Dix jours après notre première rencontre, je retrouve Betty, qui vit avec sa famille sur le camp Dahomey, à Delmas. Elle raconte son quotidien et ses préoccupations, entre sa vie de maman et les quelques distractions qu’elle s’octroie puis m’invite à visiter sa maison, fissurée par le séisme, tout près du camp.

Quand je rencontre Betty en ce lundi après-midi, elle m’accueille avec son beau sourire, mais avoue au bout de quelques minutes: « Je me sens stressée en ce moment ». Peut-être est-ce parce la nuit d’avant, une secousse de 4,7 est venue réveiller sa famille et ses voisins, alors que tout le monde dormait, sur le coup des 4 heures du matin… « Il y des gens qui disent que c’est la fin du monde… Mais je leur réponds que si c’était la fin du monde on ne serait plus là… », dit-elle en souriant. « Moi je garde l’espoir ! »

On se retrouve bientôt sous sa tente, avec un peu d’intimité pour parler de tout et de rien, de sa vie ici sur le camp, de ses enfants, de ses occupations : « On n’a pas de boulot, alors on s’occupe comme on peut… » Betty a pu sauver un ordinateur dans sa maison et l’utilise pour regarder des DVD avec ses enfants. « Avec cinq ou six familles voisines on se cotise pour acheter du gaz pour la génératrice qui nous donne de l’électricité.
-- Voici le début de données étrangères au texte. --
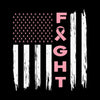 Fight - Breast Cancer Awareness T-Shirt-Black-S-Custom One Express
Ca nous permet de regarder la télé par exemple… », raconte la jeune femme, qui sort alors 4 ou 5 films haïtiens, d’une petite table qui meuble sa tente. « Ce sont des films plutôt romantiques, des histoires d’amours». Son pêché mignon…
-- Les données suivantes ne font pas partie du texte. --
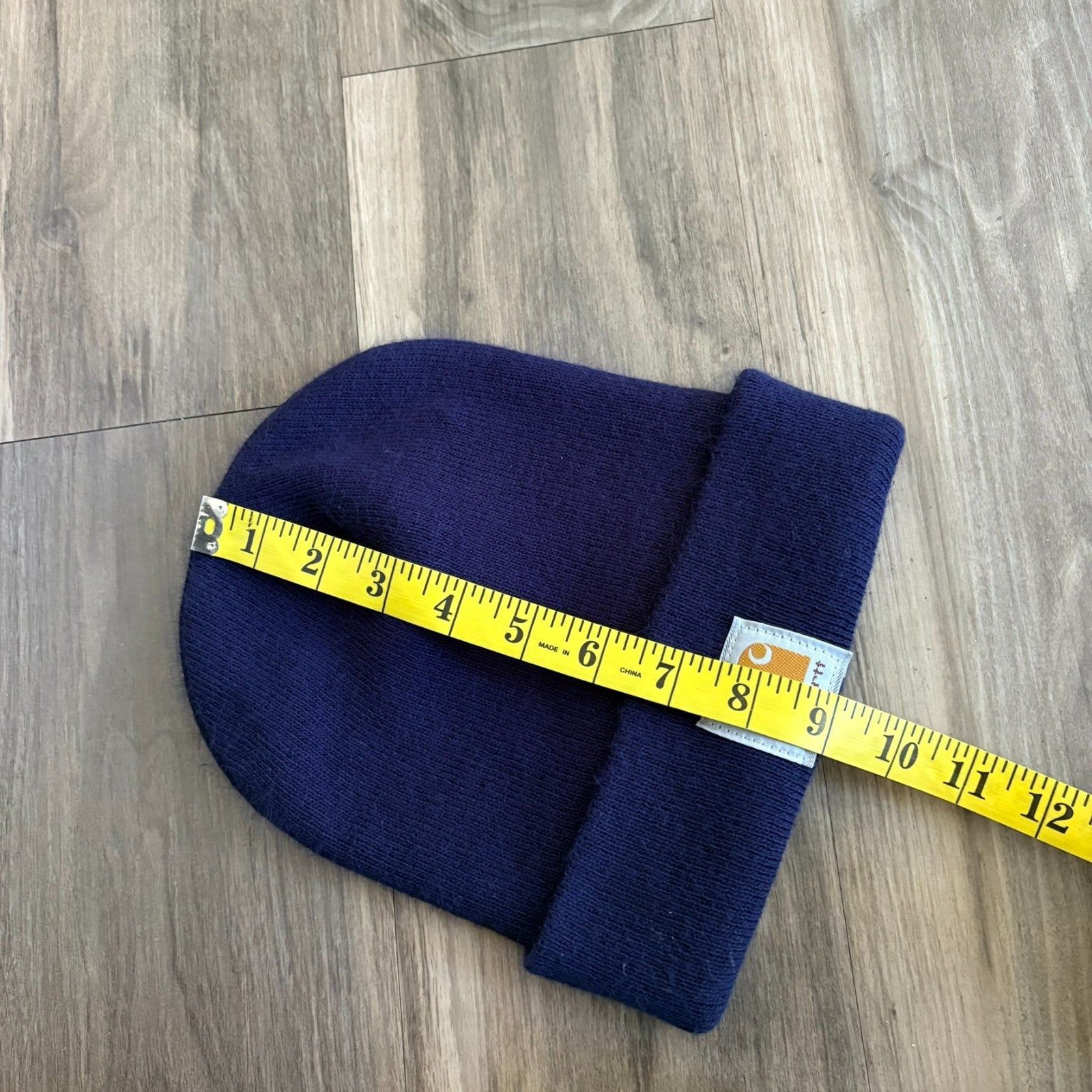 Carhartt × Vintage Vintage Carhartt Beanie Men's Size OSFA Navy Blue A18NVY Size ONE SIZE - 4 Thumbnail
Betty est aussi une maman attentive : « Je ne veux pas que mes enfants s’éloignent et aillent jouer avec des enfants qu’ils ne connaissent pas. Ils sont là, ils jouent entre eux, ils regardent la télé… Je veux les avoir à l’œil, car on ne sait jamais ce qui peut arriver…». Officiellement, les écoles devraient rouvrir le 8 mars : « C’est ce qu’on a entendu du Gouvernement, mais concrètement on n’a pas eu de nouvelles des écoles… Alors je ne sais pas», avoue Betty. Le temps est comme suspendu ici… Surtout pour ceux qui n’ont pas de travail. Il faut s’occuper, tuer le temps alors que l’avenir est incertain : « Je ne sais pas quand on va pouvoir rentrer dans notre maison… Il y a beaucoup de travaux à faire… »

Le temps suspendu

Betty m’entraîne alors dans sa maison, à une cinquantaine de mètres d’ici. La bâtisse d’un étage est restée debout mais des fissures menacent son équilibre… La jeune femme presse le pas car les répliques persistent… A vue d’œil, il serait dangereux d’en réintégrer les murs… Betty s’arrête dans une pièce du rez-de-chaussée : « Ici c’était la salle informatique. Avec mon mari on avait acheté une trentaine d’ordinateurs, pour ouvrir un petit business… mais toutes les machines ont été cassées par le séisme », explique-t-elle au milieu des ordinateurs à terre.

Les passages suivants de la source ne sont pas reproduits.